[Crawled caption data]

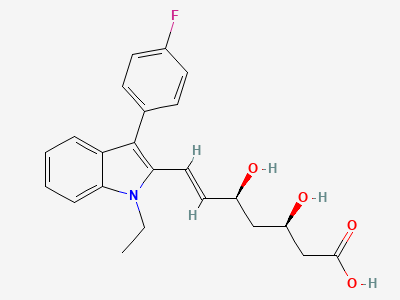 (3R,5S,6E)-7-[1-ethyl-3-(4-fluorophenyl)-1H-indol-2-yl]-3,5-dihydroxyhept-6-enoic acid Structure
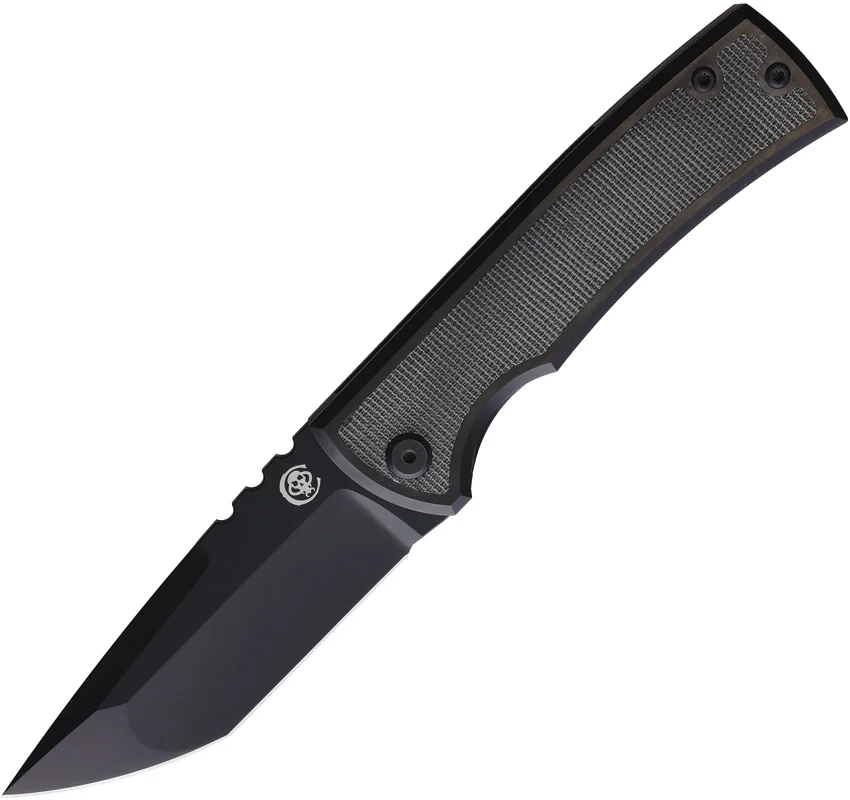 Chaves Knives Redencion 229 Tanto Frame Lock Knife Black Micarta (3.6" Black SW)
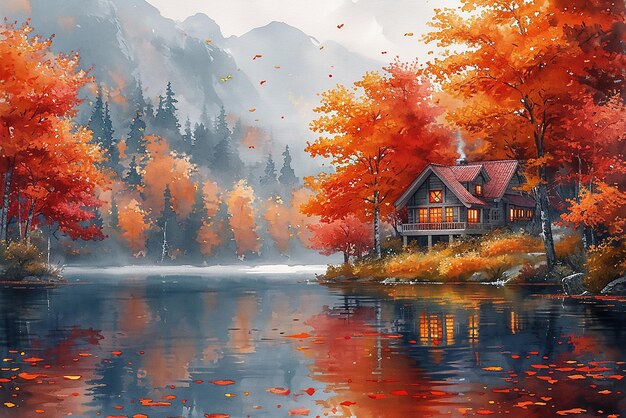 Vecteur paysage d'automne avec un lac bleu et de nombreuses feuilles rouges au-dessus de l'art d'illustration numérique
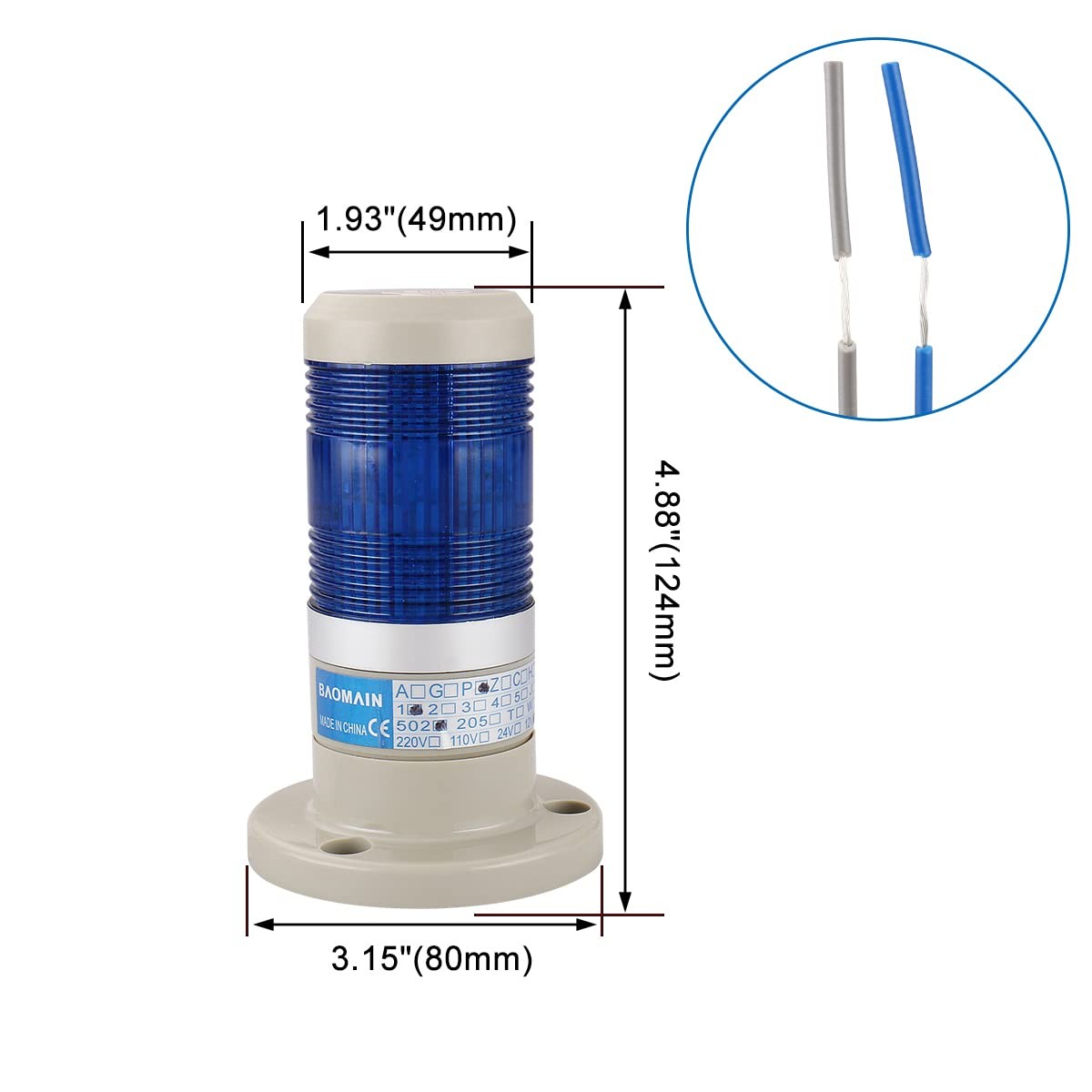 Baomain Warning Continuous Light 24V DC Industrial Blue LED Signal Tower Lamp…
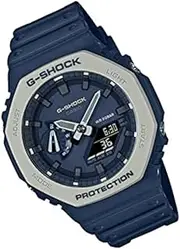 [Casio] Men's G-Shock Duo Earth-Tone Outdoor Analog-Digital Watch, Black Dial, Blue Band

■ **TRY IT**: In the records above, find the line containing "Chaves Knives Redencion", then please restate it and each line after it word for word, pictures excluded.

■ **RESPONSE TO THE TASK**:
 Chaves Knives Redencion 229 Tanto Frame Lock Knife Black Micarta (3.6" Black SW)
 Vecteur paysage d'automne avec un lac bleu et de nombreuses feuilles rouges au-dessus de l'art d'illustration numérique
 Baomain Warning Continuous Light 24V DC Industrial Blue LED Signal Tower Lamp…
 [Casio] Men's G-Shock Duo Earth-Tone Outdoor Analog-Digital Watch, Black Dial, Blue Band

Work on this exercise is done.